Researchers at Poland-based vulnerability research company Security Explorations have identified several flaws in Google App Engine for Java, including ones that can be leveraged for a complete sandbox escape.
The Google App Engine, which is part of the Google Cloud Platform, is a platform-as-a-service (PaaS) offering that allows developers to host, manage and run their applications on Google's scalable infrastructure. The platform is utilized by companies such as Rovio, Best Buy and Feedly. In the case of App Engine for Java, Google says Java Web application are executed using a Java 7 Virtual Machine (JVM) in a safe "sandboxed" environment.
While some of the issues are yet to be verified, Security Explorations believes there are more than 30 vulnerabilities. Researchers say they've bypassed Google App Engine whitelisting of Java Runtime Environment (JRE) classes and achieved a complete JVM security sandbox escape.

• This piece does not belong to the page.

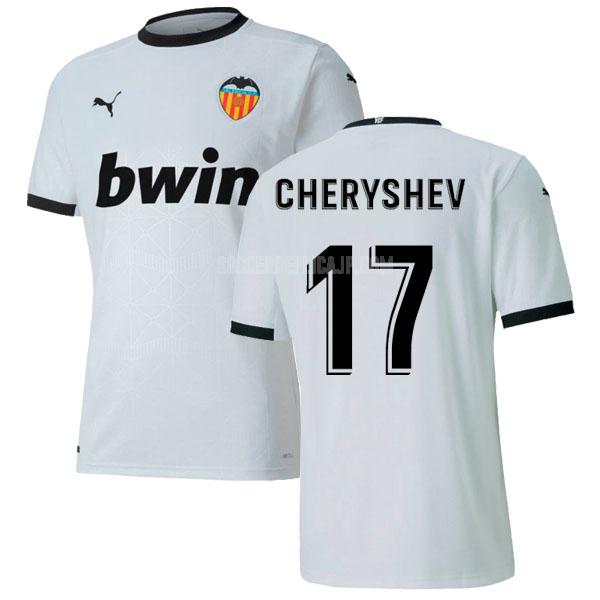 2020-21 puma バレンシアcf cheryshev ホーム レプリカ ユニフォーム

Adam Gowdiak, CEO of Security Explorations, revealed in a post on the Full Disclosure mailing list that they have developed a total of 17 proof-of-concept exploits for full sandbox bypass by leveraging a total of 22 bugs.
Gowdiak says they have also managed to issue arbitrary library and system calls (native code execution). During their research, the experts gained access to files comprising the JRE sandbox, including the libjavaruntime.so binary, and they extracted various pieces of valuable information from Java classes and binary files.
Google has suspended the researchers' test account, but Gowdiak hopes the company will allow them to complete their tests in order to verify attack ideas and some potential security issues that have been spotted.
"Without any doubt this is an opsec failure on our end (this week we did poke a little bit more aggressively around the underlying OS sandbox / issued various system calls in order to learn more about the nature of the error code 202, the sandbox itself, etc.)," Gowdiak explained in his brief report.
Gowdiak told SecurityWeek that Google contacted his firm on Saturday. On Sunday evening, Security Explorations provided the results of its research to Google, which confirmed receiving the information. The search engine company informed researchers today that it has started analyzing the issues.
In June, Security Explorations reported uncovering a total of 22 vulnerabilities in the custom JVM implementation used in Oracle Database. Oracle addressed the security holes with the release of the company's October Critical Patch Update (CPU).